Esperaron un tiempo en el que intercambiaron sonrisas nerviosas, aunque ella no lo estuviera. Quizá le hubiese gustado fumar un cigarrillo, pero en aquellas circunstancias probablemente no hubiera sido lo adecuado. Fue entonces cuando el sonido de la puerta y el crujir del suelo ante las pisadas le volvió a la realidad. Un hombre alto y aparentemente agraciado la señaló y después se fue por la misma puerta. El hombre enjuto que antes abrió a puerta de la calle agarró una de sus muñecas y tiró de ella hacia otra habitación oscura y que olía a jazmín. Tras de sí, la puerta se cerró con estruendo. Sintió frío y excitación por el silencio y la oscuridad. Luego, una mano apretó su cuello y se quedó sin respiración. Notaba como olían su piel en la oscuridad, el aliento a menta que se enredaba en su pelo recogido y después el siseo de la tela rasgarse. Primero fue un empujón y a trompicones creyó ser llevada hasta la cama, pero se topó con una pared de madera y el sonido metálico de unas cadenas. Le dieron la vuelta y ella no se resistió. A esas alturas su coño estaba empapado y sus pezones podrían haber atravesado la seda. Sintió como le levantaban los brazos en cruz y le colocaban los grilletes. Los apretaron tan fuerte que el quejido le hizo apretar los dientes intentando evitar el grito posterior.

La luz de un par de velas encendidas recientemente le dejaron ver la situación real. Le arrancaron la ropa y solo le dejaron los guantes y los zapatos. Frente a ella un hombre ataviado con un traje gris oscuro, el pelo peinado hacia atrás y fumando un cigarro. Detrás, una decena de hombres sentados observando cada centímetro de su piel. La bofetada fue inclemente y le sacudió toda la cara saboreando la sangre. Después, le arrancó el vestido de una sola vez dejándola desnuda y enseñando la excitación de su entrepierna. Algunos hombres rieron. Otros se tocaron.

El látigo siseó en el aire y cortó las sombras que las velas dibujaban en las paredes para terminar restallando en la piel. Al tercer latigazo perdió la sensibilidad en los pezones que ardían y escocían por el sudor y la sangre.
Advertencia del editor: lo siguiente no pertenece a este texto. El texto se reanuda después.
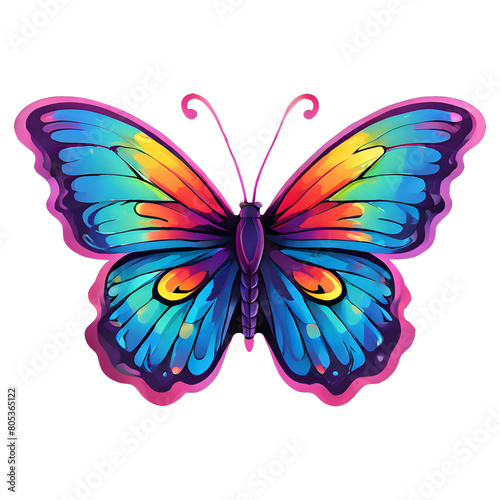 Rainbow butterfly isolated on white ai generated.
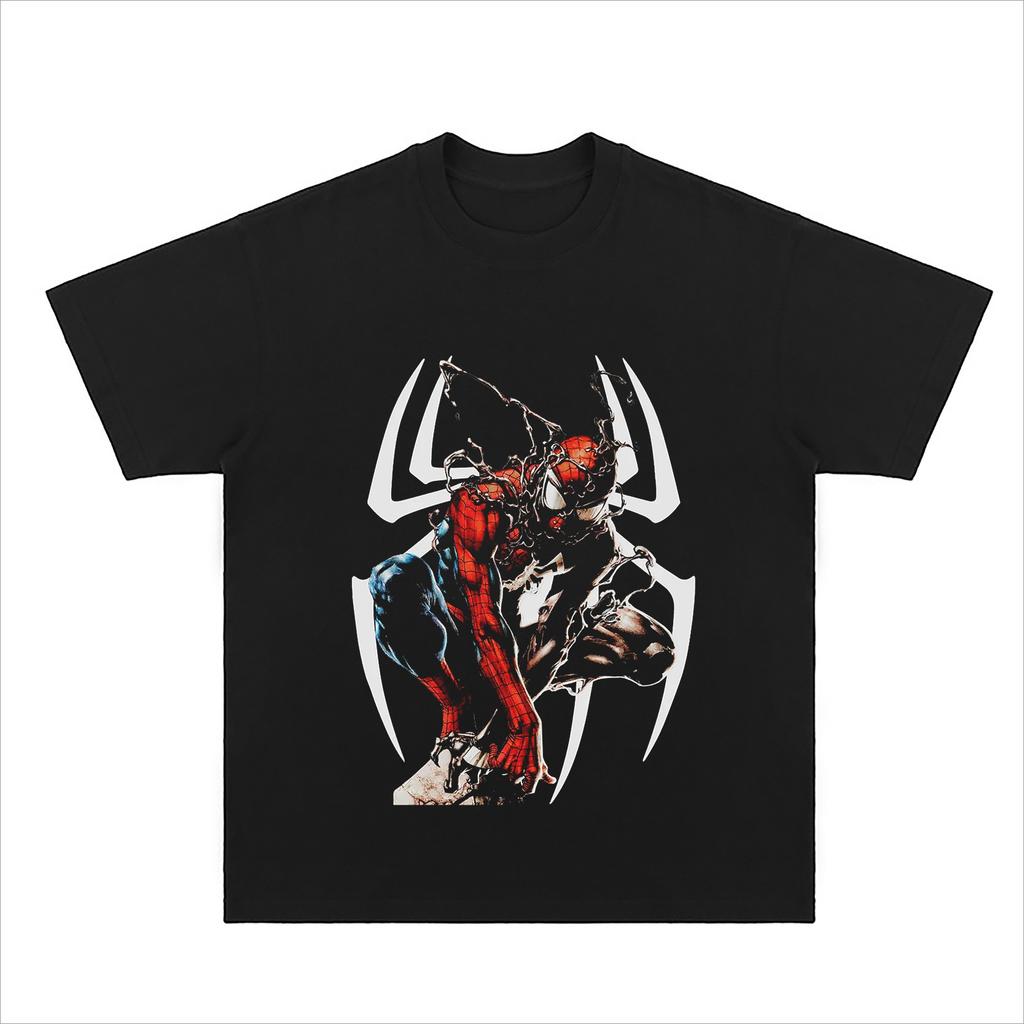 2025 Summer Marvel's Spider-Man Venom Anime Heavyweight Pure Cotton Short-sleeved Vintage American Retro O-neck T-shirt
Los aprisionaron con pinzas y pesos y gimió de dolor mientras el hombre que antes abrió la puerta golpeba su coño con la mano abierta dejando salpicaduras de flujo en sus zapatos. Cerraba los ojos intentando abstraerse de aquello, pero con cada golpe se daba cuenta de que era imposible. Luego le dieron la vuelta y comenzaron de nuevo. Mientras uno lanzaba latigazos, el otro hurgaba en su culo con los dedos nerviosos.

Cuando la soltaron, las lágrimas de dolor se habían agotado. Pusieron su cuerpo sobre una mesa y la ataron de pies y manos, le vendaron los ojos y notó como aquellos hombres que estaban sentados se acercaban. Después fue follada y sodomizada por cada uno de ellos mientras ella no dejaba de apretar su puño enguantado. El placer fue tan brutal y abrumador que cuando la dejaron por fin sola y con los ojos destapados volvió a pensar en él, en su trinchera, en su mano apretando el cuello ahora amoratado y el alambre desollando su cuerpo. Entonces se corrió y de su mano inerte cayó la carta arrugada que había apretado durante toda la noche.